Who is Marianne Williamson?

Among the 24-strong 2020 Democratic primary brawl, self-help author and activist Marianne Williamson has branded herself a lover of peace.

“We have to fall in love again with what this country can mean,” Williamson said in her campaign announcement video. “We need to embrace it, we need to devote ourselves to it, and then bequeath to our children as other generations have done to us.”

The Houston native is the co-founder of the Peace Alliance, an organization dedicated to restoring peace to national discourse and foreign policy. The alliance’s most recent campaign, the creation of a U.S. Department of Peacebuilding, would promote and teach nonviolent alternatives to war.

Williamson, 66, has made this the cornerstone of her campaign, advocating for the creation of a Department of Peace “as the first step in dismantling our systemically entrenched perpetuation of violence.”

Williamson, a practicing Jew, experienced a spiritual awakening after reading A Course in Miracles, a three-volume work that teaches acceptance of God’s plan as the key to achieve miracles and happiness. She cites this spiritual awakening as a moment of clarity that allowed her 20-something self to turn her life around.
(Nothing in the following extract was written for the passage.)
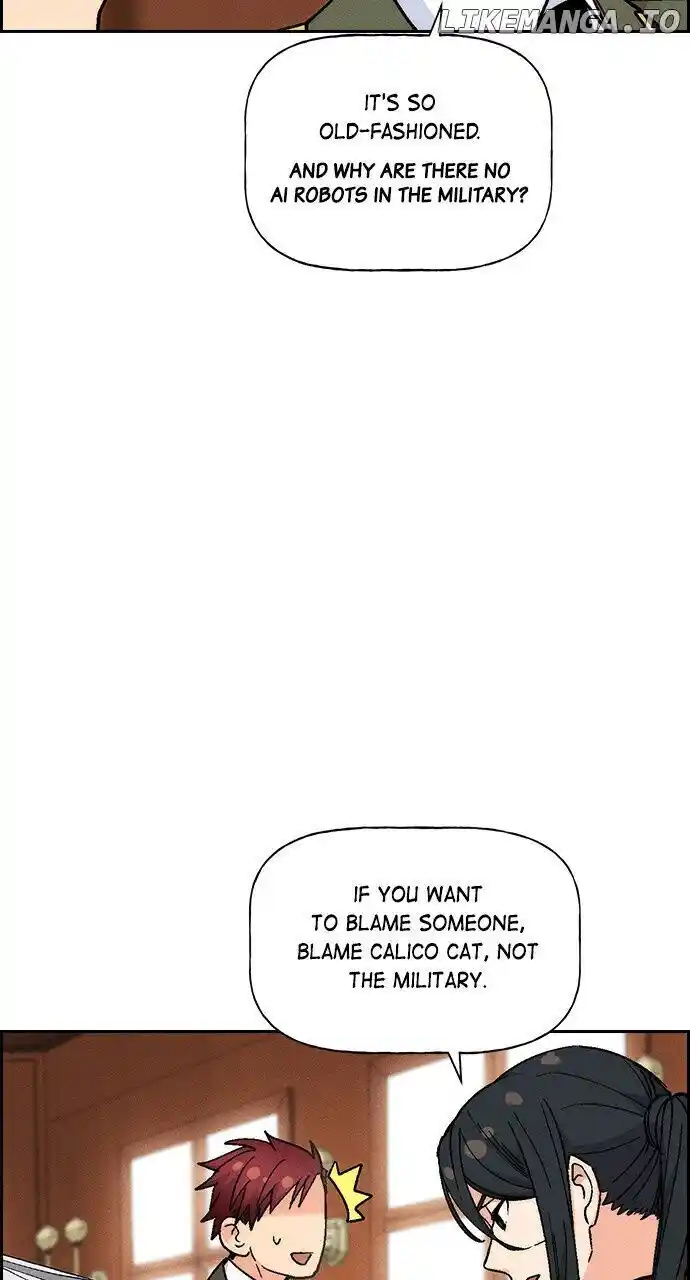 Housekeeper (Chae Yong-Taek) Ch.098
After this pivotal moment, she sought to provide others with the same experience. Williamson began writing. In 1992, she published her first book, A Return to Love, and shot to stardom. Oprah Winfrey featured the New York Times best-seller on her show and heavily endorsed the book. Williamson has been called Winfrey’s “spiritual adviser.”

At the onset of the AIDS crisis, Williamson served as a counselor for HIV patients. In 1989, she founded Project Angel Food, a meals-on-wheels type program that serves AIDS patients in the Los Angeles area.

In 2014, the Los Angeles resident ran as an independent for California’s 33rd congressional seat. Though her bid was unsuccessful, she was endorsed by Michigan governor Jennifer Granholm, former representative Dennis Kucinich, and celebrities, including Kim Kardashian.

The self-help guru, who raised 29-year-old daughter India on her own, recently came under fire after she called vaccine mandates “draconian” and “Orwellian.” She likened mandatory vaccinations to the abortion debate, saying “the U.S. government doesn’t tell any citizen, in my book, what they have to do with their body or child.”

She later apologized for her comments, noting how important vaccines are to public health and reiterating her skepticism of Big Pharma propaganda.

Williamson also took flak for joining the growing chorus of Democrats likening U.S. immigration facilities to concentration camps during the Holocaust. She told Vice that Immigration and Customs Enforcement raids deport immigrants “to places so dangerous that it actually is no different” than the Holocaust.